10 Ways to Break Into a House

Wait for the Holidays
Christmas presents by the window may entice crooks to break in.
Christmas presents by the window may entice crooks to break in.

Burglars who prefer to plan their heists in advance are particularly attentive to seasons and occasions. Just before Christmas, for example, burglars love to look in, and then break in, large picture windows displaying dozens of presents underneath sparkly trees. On December 25th or 26th, burglars scout curbs, where empty boxes inventory potential loot -- large-screen TVs, expensive game systems, packages from high-end department stores and fishing gear. To take your home out of the running, leave the tree, but move presents from window views. Haul those empties to a public trash receptacle.

Summer vacations get burglars giddy, too. Families who take precautions to make their homes look lived-in should enjoy worry-free vacations.

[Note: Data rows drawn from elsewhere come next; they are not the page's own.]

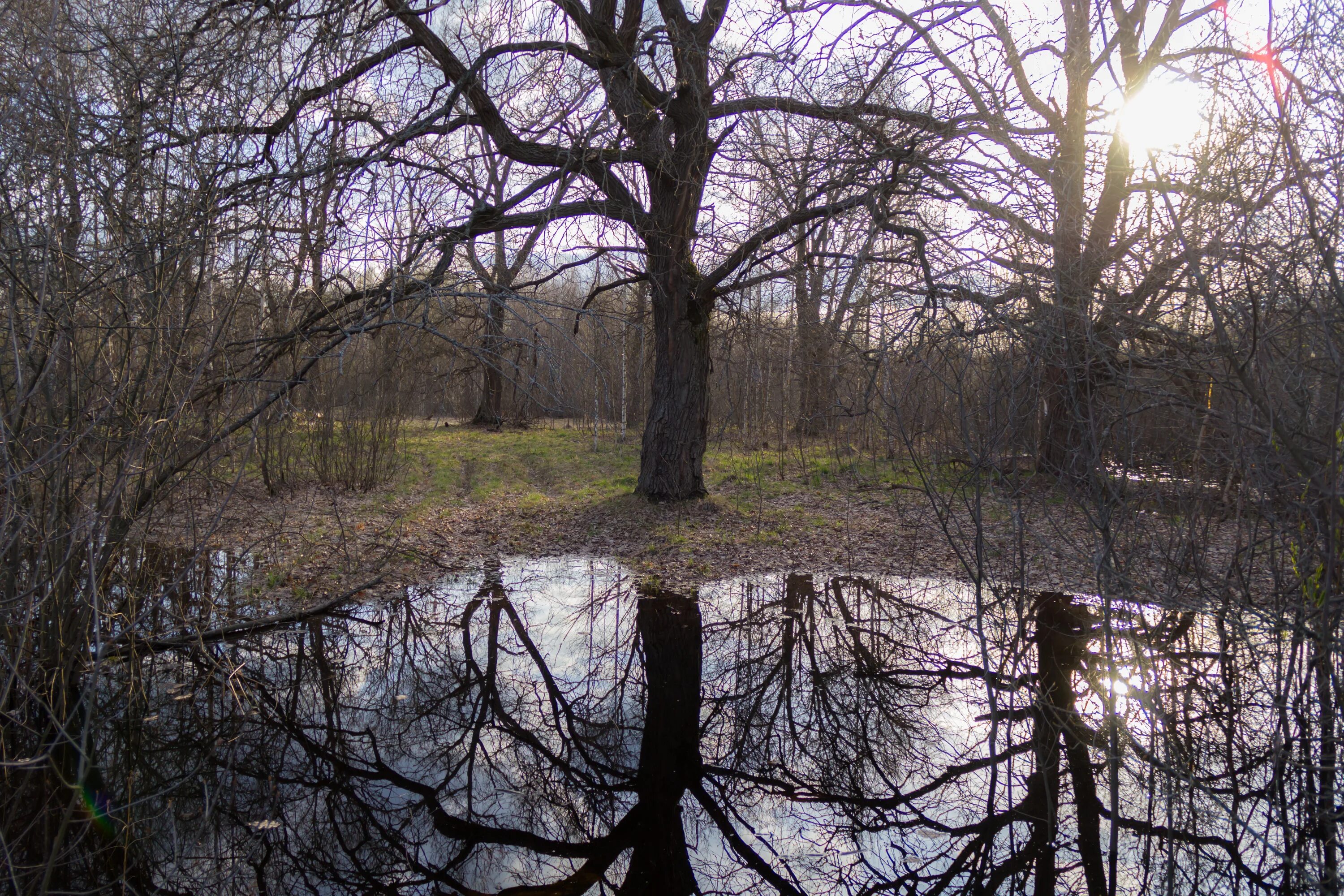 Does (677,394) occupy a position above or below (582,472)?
above

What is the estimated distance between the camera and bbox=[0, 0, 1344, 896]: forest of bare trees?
3426mm

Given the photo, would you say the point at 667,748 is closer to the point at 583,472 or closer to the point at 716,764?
the point at 716,764

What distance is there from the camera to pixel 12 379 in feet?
14.7

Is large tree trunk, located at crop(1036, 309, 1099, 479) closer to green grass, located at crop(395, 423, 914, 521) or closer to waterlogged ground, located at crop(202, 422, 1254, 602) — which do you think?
waterlogged ground, located at crop(202, 422, 1254, 602)

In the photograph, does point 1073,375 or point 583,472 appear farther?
point 583,472

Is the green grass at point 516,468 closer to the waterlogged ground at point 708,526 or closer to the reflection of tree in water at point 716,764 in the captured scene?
the waterlogged ground at point 708,526

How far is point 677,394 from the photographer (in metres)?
11.0

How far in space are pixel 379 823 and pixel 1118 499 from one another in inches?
153

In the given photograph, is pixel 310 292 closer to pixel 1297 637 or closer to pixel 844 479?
pixel 1297 637

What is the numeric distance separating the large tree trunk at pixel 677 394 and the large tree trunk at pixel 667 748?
3.82m

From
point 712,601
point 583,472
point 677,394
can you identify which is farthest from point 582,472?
point 712,601

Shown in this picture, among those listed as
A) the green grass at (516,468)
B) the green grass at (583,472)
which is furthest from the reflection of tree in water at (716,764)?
the green grass at (516,468)

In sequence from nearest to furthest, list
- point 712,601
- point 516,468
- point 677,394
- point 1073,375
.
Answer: point 1073,375
point 712,601
point 677,394
point 516,468

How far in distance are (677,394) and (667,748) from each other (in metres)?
6.73
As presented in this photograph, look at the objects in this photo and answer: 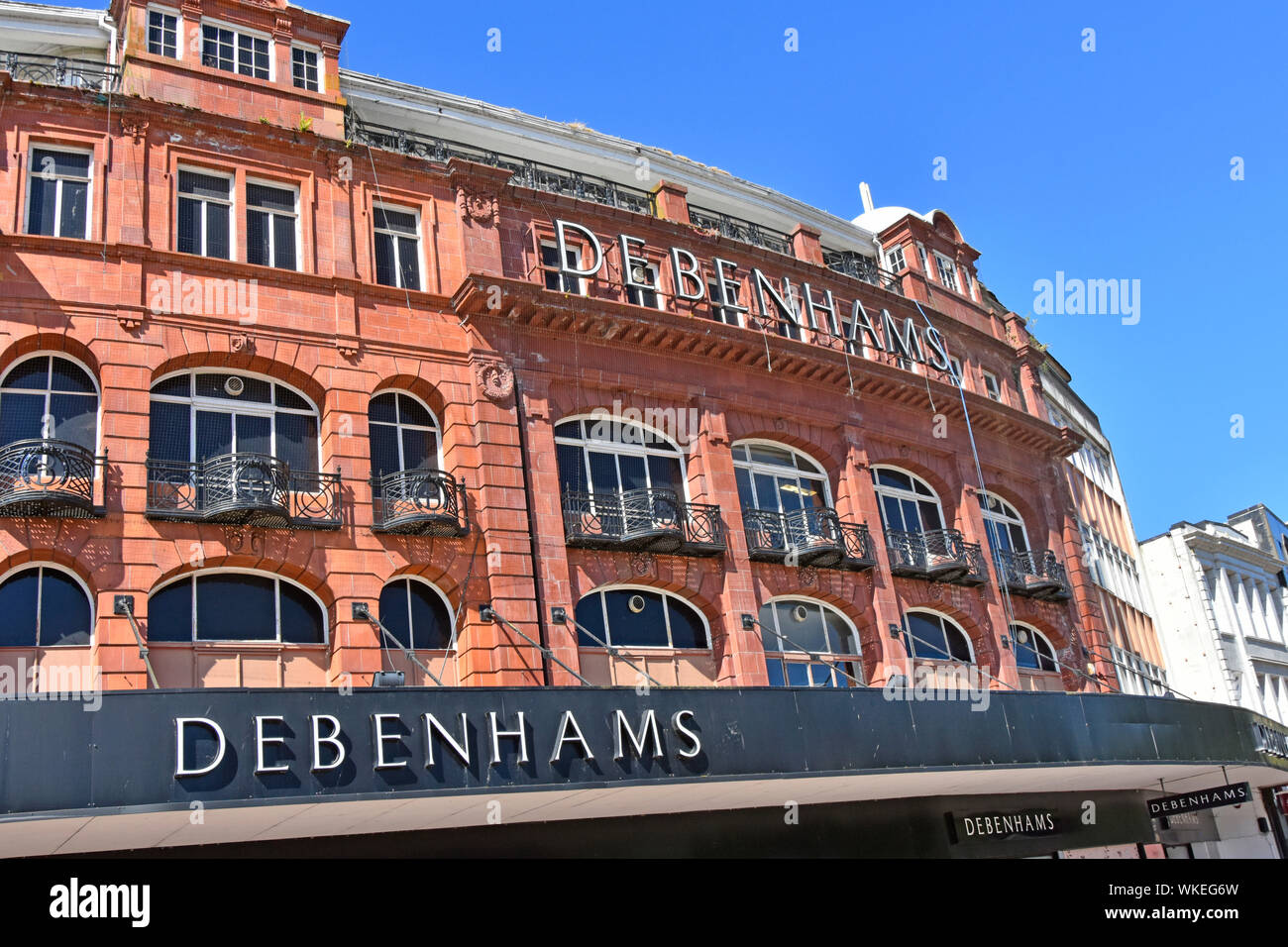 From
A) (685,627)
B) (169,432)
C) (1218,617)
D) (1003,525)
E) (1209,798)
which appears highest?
(1003,525)

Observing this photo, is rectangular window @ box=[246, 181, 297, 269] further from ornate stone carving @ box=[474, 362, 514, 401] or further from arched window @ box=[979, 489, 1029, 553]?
arched window @ box=[979, 489, 1029, 553]

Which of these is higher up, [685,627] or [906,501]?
[906,501]

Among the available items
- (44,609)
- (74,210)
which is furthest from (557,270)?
(44,609)

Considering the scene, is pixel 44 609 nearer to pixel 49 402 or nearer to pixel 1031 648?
Answer: pixel 49 402

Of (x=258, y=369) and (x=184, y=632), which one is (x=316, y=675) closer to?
(x=184, y=632)

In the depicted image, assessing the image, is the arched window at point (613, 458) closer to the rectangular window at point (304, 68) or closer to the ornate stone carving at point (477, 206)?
the ornate stone carving at point (477, 206)

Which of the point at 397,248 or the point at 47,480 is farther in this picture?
the point at 397,248

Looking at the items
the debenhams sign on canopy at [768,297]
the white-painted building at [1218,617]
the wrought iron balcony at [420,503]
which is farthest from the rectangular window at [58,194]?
the white-painted building at [1218,617]

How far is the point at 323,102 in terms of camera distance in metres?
25.3

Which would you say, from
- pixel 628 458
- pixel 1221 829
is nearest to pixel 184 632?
pixel 628 458

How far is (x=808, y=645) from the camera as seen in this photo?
27.0 metres

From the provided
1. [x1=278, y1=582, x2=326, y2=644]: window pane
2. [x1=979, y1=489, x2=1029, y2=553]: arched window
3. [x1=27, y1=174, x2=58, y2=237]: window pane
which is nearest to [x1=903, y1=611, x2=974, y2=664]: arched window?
[x1=979, y1=489, x2=1029, y2=553]: arched window

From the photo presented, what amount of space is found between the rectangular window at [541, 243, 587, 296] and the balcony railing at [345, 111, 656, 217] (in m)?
1.40

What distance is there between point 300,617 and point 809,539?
11422mm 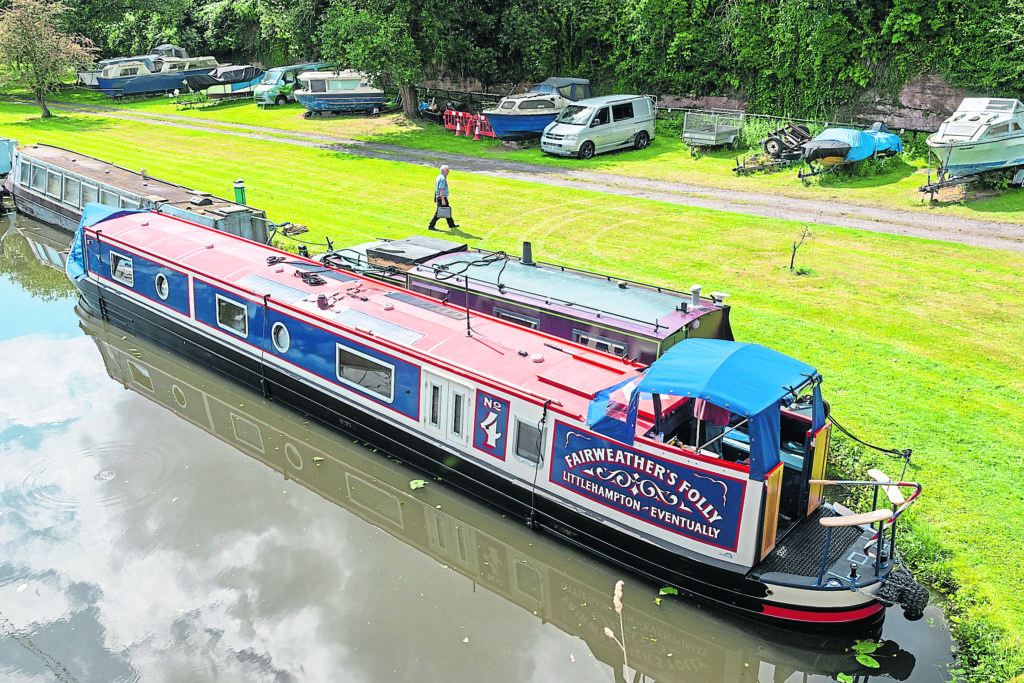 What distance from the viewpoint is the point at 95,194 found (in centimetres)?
1986

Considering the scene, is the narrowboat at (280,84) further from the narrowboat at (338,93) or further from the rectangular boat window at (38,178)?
the rectangular boat window at (38,178)

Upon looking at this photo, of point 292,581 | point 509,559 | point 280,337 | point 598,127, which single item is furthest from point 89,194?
point 509,559

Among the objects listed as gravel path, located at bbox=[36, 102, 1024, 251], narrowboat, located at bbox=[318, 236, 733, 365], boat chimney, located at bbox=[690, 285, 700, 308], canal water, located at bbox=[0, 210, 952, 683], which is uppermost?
boat chimney, located at bbox=[690, 285, 700, 308]

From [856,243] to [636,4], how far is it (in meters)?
17.5

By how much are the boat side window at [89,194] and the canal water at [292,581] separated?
8431mm

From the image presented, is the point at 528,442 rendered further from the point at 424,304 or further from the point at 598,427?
the point at 424,304

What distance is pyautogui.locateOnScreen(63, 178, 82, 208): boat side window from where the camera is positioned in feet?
67.3

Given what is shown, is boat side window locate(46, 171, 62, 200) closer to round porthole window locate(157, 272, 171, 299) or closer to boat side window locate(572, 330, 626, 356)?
round porthole window locate(157, 272, 171, 299)

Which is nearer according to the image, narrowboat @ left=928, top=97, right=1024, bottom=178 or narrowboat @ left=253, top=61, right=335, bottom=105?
narrowboat @ left=928, top=97, right=1024, bottom=178

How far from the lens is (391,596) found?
9070mm

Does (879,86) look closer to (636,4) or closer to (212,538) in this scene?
(636,4)

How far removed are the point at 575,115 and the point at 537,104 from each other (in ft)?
6.58

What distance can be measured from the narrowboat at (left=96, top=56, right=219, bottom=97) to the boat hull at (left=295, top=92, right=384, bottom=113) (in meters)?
12.3

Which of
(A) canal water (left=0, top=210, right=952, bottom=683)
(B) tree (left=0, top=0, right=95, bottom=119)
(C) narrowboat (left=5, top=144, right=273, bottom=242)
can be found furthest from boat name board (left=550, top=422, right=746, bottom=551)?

Other events fraught with dangers from burglary include:

  • Homes for sale -- Lock boxes hung on doors indicate houses are likely empty. With the right tools, burglars can break in quickly. Homeowners preferring to skirt this risk may work with realtors to either forego lock boxes or hang them in discrete locations. During open houses, visitors should not be free to roam, and after the event is over, realtors and homeowners need to check that doors and windows remain secure.
  • Funerals and weddings -- Large family gatherings provide additional opportunities for burglars to know when homes will be unoccupied, usually for hours at a time. Best bet: Ask neighbors to house sit, with their cars parked in the driveway, to ensure it appears someone is home.